---------- Dataset excerpt

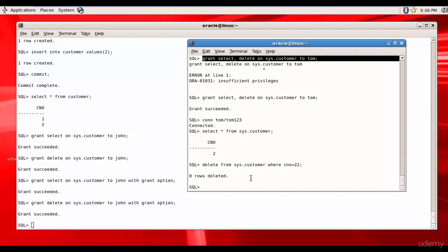You need to be very careful whenever you give the privileges with grant option because the user to whom you are assigning may misuse that privilege, so be cautious whenever you are giving with grant option.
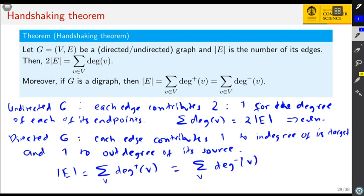Of course, because the degree of a node in a directed graph is the sum of its in-degree and out-degree, the sum of degrees of all nodes is twice the number of edges. This gives us the handshaking theorem.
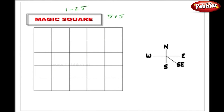For solving this, we have to follow certain rules. The first rule is about placing the digit 1. We have to place the digit 1 in the first column and in the centermost row. You can see that this square is in the first column and in the centermost row.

--------------------

Task objective: Restate the data word for word while omitting each picture.

Exercise answer:
You need to be very careful whenever you give the privileges with grant option because the user to whom you are assigning may misuse that privilege, so be cautious whenever you are giving with grant option.
Of course, because the degree of a node in a directed graph is the sum of its in-degree and out-degree, the sum of degrees of all nodes is twice the number of edges. This gives us the handshaking theorem.
For solving this, we have to follow certain rules. The first rule is about placing the digit 1. We have to place the digit 1 in the first column and in the centermost row. You can see that this square is in the first column and in the centermost row.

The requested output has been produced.